AWS is down due to an electrical storm in the US

[+] zacharyvoase|13 years ago|reply

By what stretch of the imagination is this icon suitable for representing a total loss of availability due to a power outage?: http://status.aws.amazon.com/images/status2.gif

Is this not a 'service disruption' situation? At the bottom of the page, the yellow icon is associated with 'performance issues'.

If there's one thing that's shocked me about AWS, it's the total failure to acknowledge the severity of service disruptions. Like the above case, or the fact that a 3-hour loss of connectivity is displayed on the service history as a green tick with a small 'i' box: http://oi46.tinypic.com/x5qtch.jpg

[+] flyt|13 years ago|reply

Or that there is absolutely no way to deep link to an ongoing outage, and users must reload, then expand the link every single time, or subscribe to an RSS feed.

AWS needs to blantantly copy Heroku's status system, which is worlds better for people needing fast updates on their infrastructure.
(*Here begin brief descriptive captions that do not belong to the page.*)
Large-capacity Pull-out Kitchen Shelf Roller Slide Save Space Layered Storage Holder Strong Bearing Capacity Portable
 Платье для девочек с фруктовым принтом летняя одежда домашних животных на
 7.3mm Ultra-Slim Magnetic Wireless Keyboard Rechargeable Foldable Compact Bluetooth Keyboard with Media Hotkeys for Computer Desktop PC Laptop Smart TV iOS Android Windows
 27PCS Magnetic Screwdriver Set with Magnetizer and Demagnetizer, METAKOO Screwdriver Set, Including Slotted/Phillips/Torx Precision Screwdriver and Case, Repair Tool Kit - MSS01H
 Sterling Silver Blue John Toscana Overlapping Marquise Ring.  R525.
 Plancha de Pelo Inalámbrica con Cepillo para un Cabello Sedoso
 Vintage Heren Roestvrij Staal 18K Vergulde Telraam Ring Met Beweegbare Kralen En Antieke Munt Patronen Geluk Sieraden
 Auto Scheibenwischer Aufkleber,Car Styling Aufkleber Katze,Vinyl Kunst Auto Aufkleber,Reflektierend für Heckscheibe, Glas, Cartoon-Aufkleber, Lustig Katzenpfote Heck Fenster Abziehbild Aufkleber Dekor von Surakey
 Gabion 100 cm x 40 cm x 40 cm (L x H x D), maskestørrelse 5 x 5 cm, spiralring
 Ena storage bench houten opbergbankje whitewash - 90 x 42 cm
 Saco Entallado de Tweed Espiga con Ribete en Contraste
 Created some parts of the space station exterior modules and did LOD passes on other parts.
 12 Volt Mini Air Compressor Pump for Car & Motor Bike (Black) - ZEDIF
https://status.heroku.com/ vs http://status.aws.amazon.com/

[+] jdub|13 years ago|reply

They've reporting a power issue with a single US East availability zone. There are four EC2 availability zones in US East. Strange that they would cite orange as "performance issues", but it's certainly more appropriate than suggesting a complete service disruption.

[+] hristov|13 years ago|reply

It is obvious we are dealing with the imagination of a marketing exec here. And that is a sick cynical place.

[+] datasage|13 years ago|reply

They do have a red icon if an event impacts an entire region. If a customer is correctly utilizing multiple availability zones, a failure in one zone should only impact the customer until they can fail over (Should be within minutes if they are automated).

[+] astrodust|13 years ago|reply

Clearly Amazon hired Baghdad Bob as their PR guy when he was looking for a new gig.

Apart from Apple's legendary secrecy, Amazon's EC2 is a solid #2 in terms of impenetrability.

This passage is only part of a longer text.